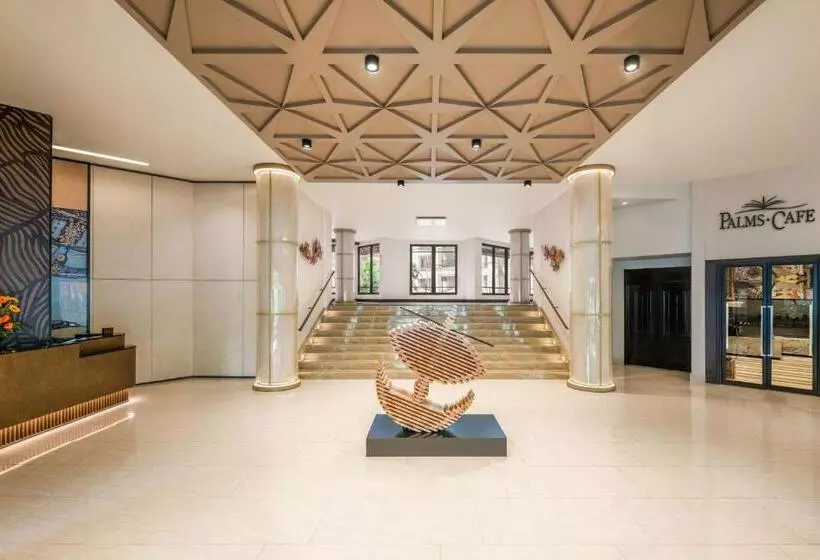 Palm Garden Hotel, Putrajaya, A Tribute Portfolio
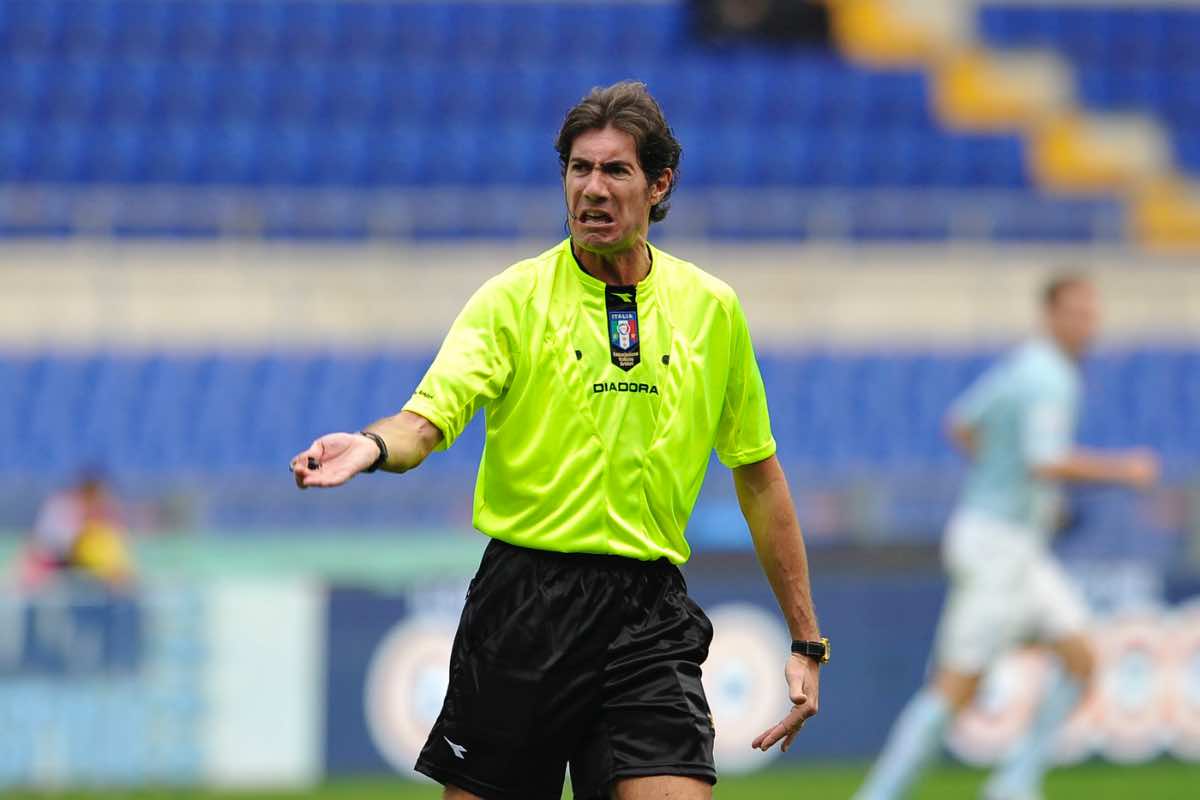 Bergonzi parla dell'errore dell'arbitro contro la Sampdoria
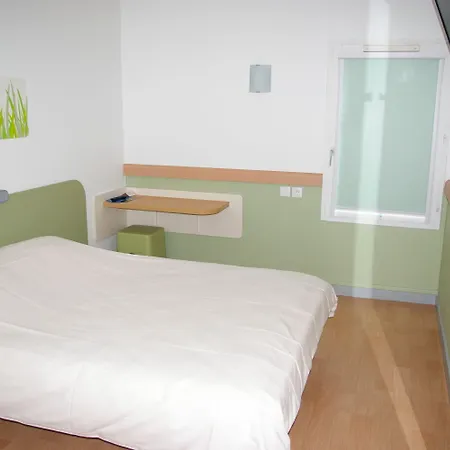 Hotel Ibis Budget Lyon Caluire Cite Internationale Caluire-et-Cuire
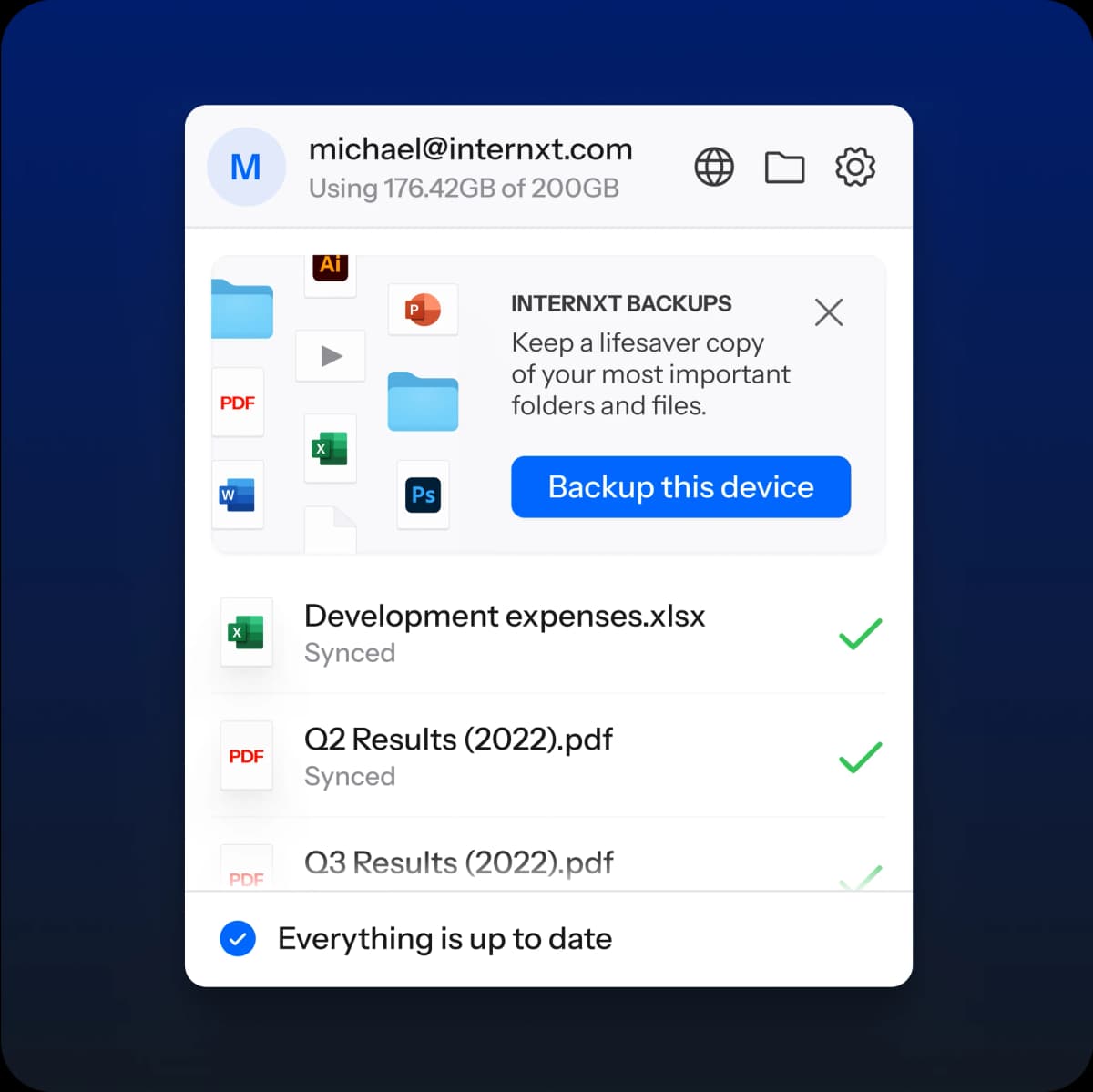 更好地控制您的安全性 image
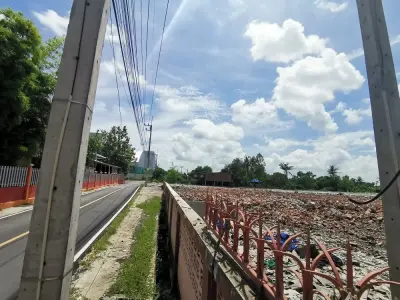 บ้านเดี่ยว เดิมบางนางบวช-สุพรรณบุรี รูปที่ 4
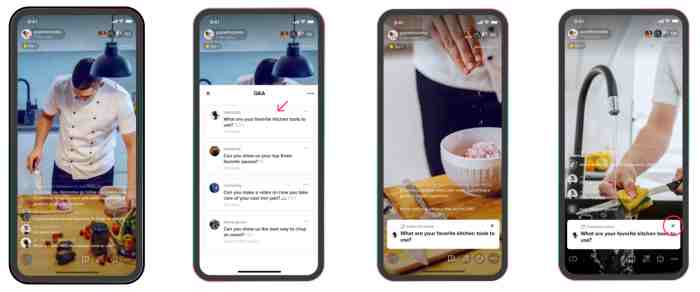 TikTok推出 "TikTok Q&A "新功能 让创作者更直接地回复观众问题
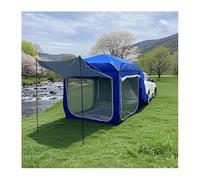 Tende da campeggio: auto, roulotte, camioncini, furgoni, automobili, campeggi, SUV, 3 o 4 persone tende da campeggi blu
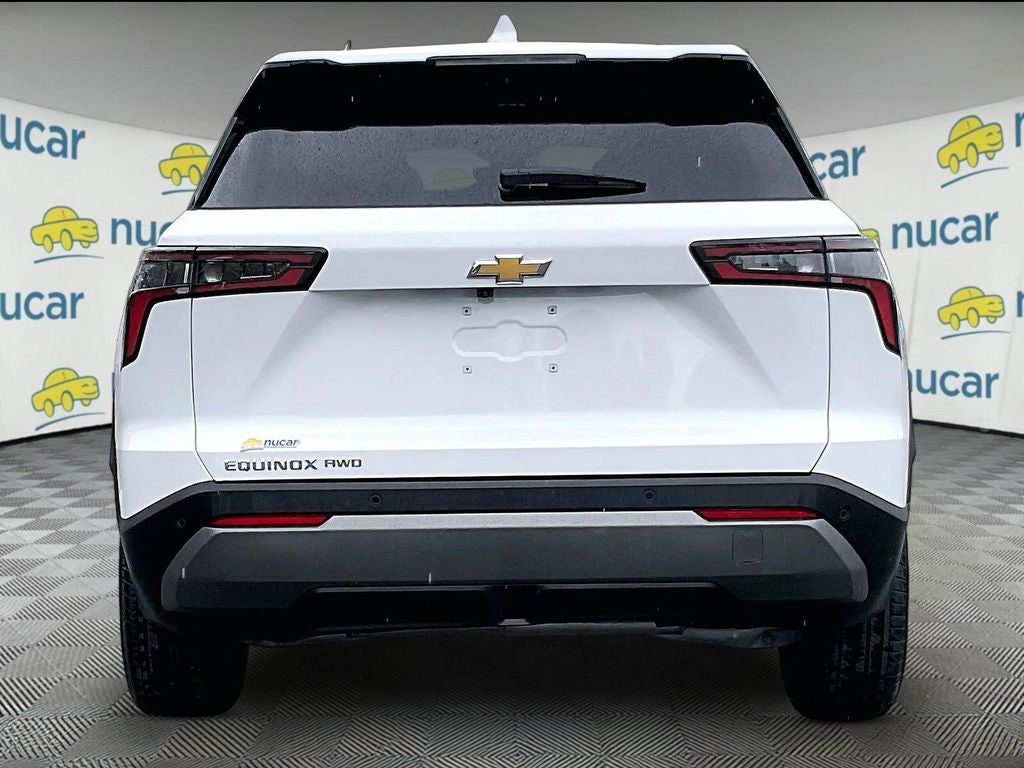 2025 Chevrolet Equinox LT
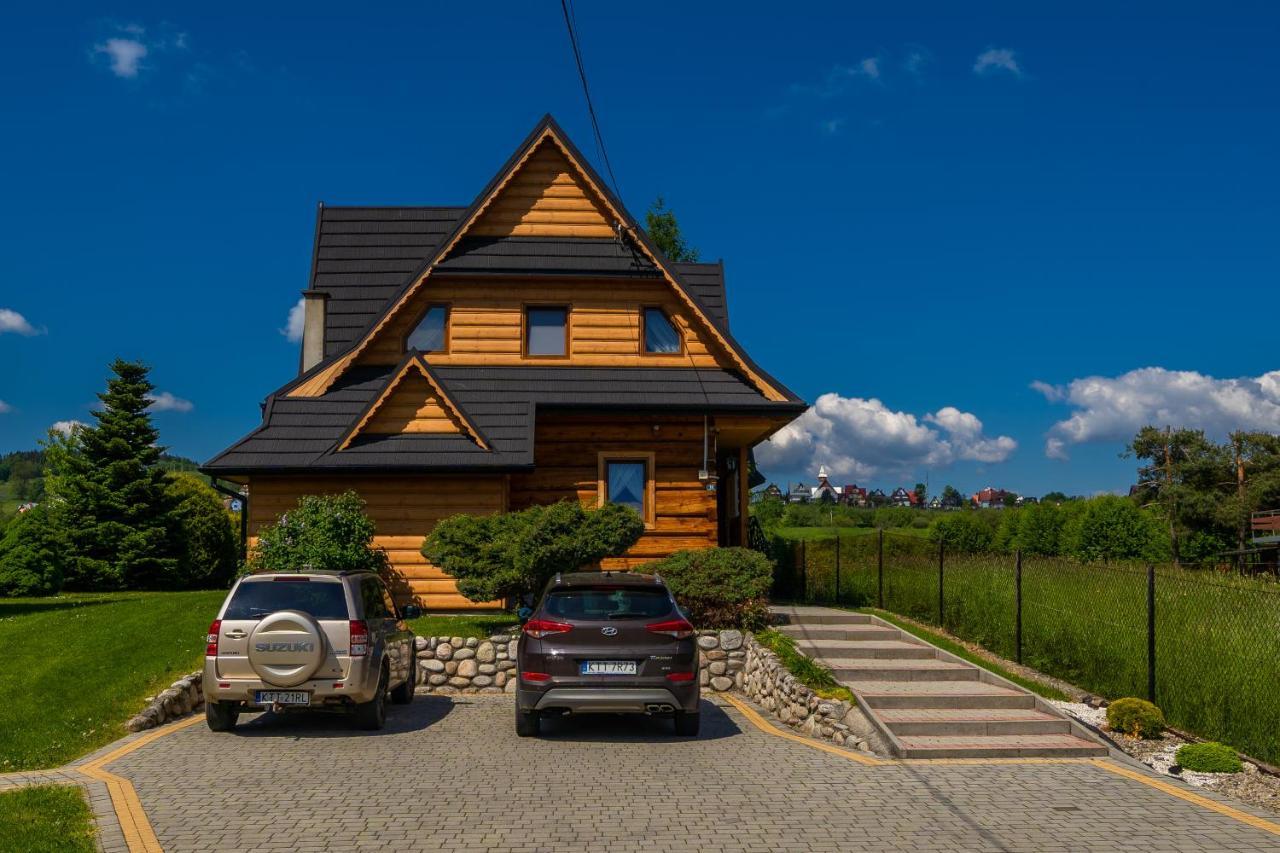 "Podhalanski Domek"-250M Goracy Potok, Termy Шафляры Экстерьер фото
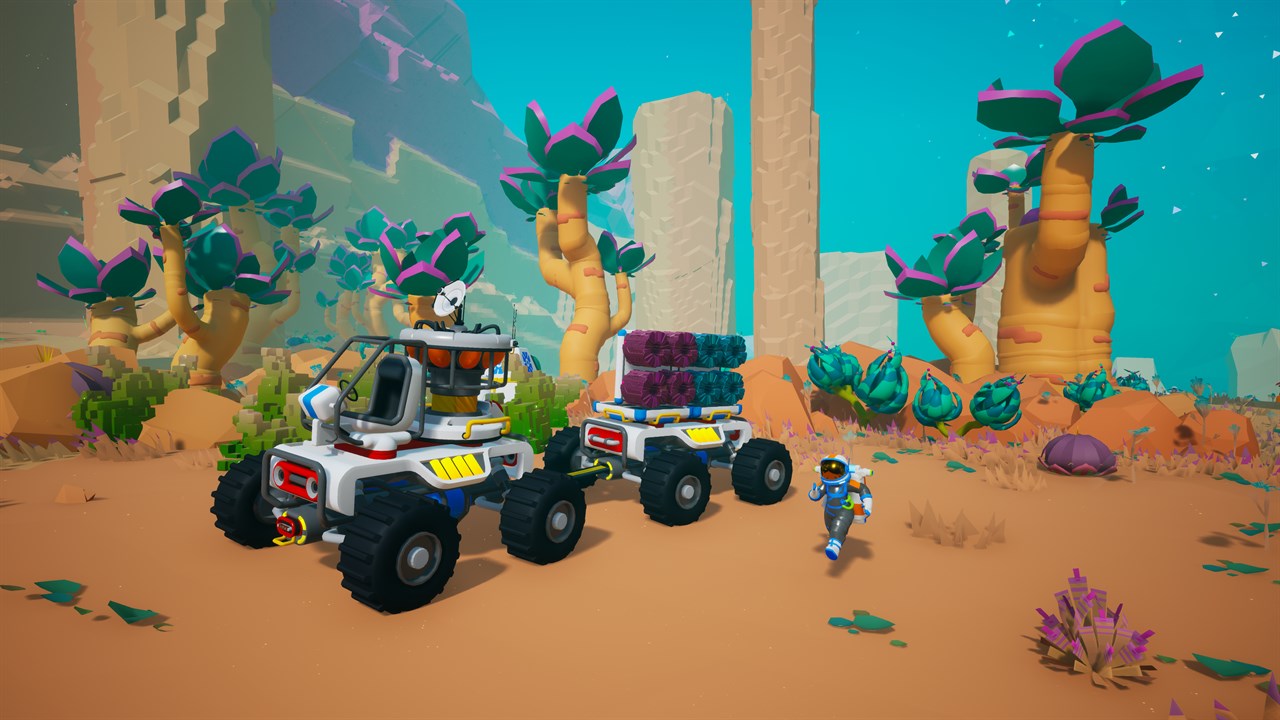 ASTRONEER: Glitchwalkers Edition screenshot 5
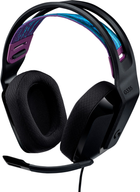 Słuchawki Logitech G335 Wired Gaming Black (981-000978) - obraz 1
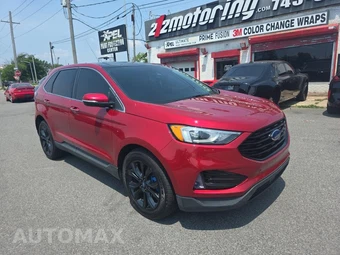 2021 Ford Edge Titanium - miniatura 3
-=-=-
* [Exercise objective]: Could you repeat, exactly and with nothing else, the lines from the one containing "更好地控制您的安全性 image" through the last line of the records above, leaving out the pictures?

* [Expected answer]:
 更好地控制您的安全性 image
 บ้านเดี่ยว เดิมบางนางบวช-สุพรรณบุรี รูปที่ 4
 TikTok推出 "TikTok Q&A "新功能 让创作者更直接地回复观众问题
 Tende da campeggio: auto, roulotte, camioncini, furgoni, automobili, campeggi, SUV, 3 o 4 persone tende da campeggi blu
 2025 Chevrolet Equinox LT
 "Podhalanski Domek"-250M Goracy Potok, Termy Шафляры Экстерьер фото
 ASTRONEER: Glitchwalkers Edition screenshot 5
 Słuchawki Logitech G335 Wired Gaming Black (981-000978) - obraz 1
 2021 Ford Edge Titanium - miniatura 3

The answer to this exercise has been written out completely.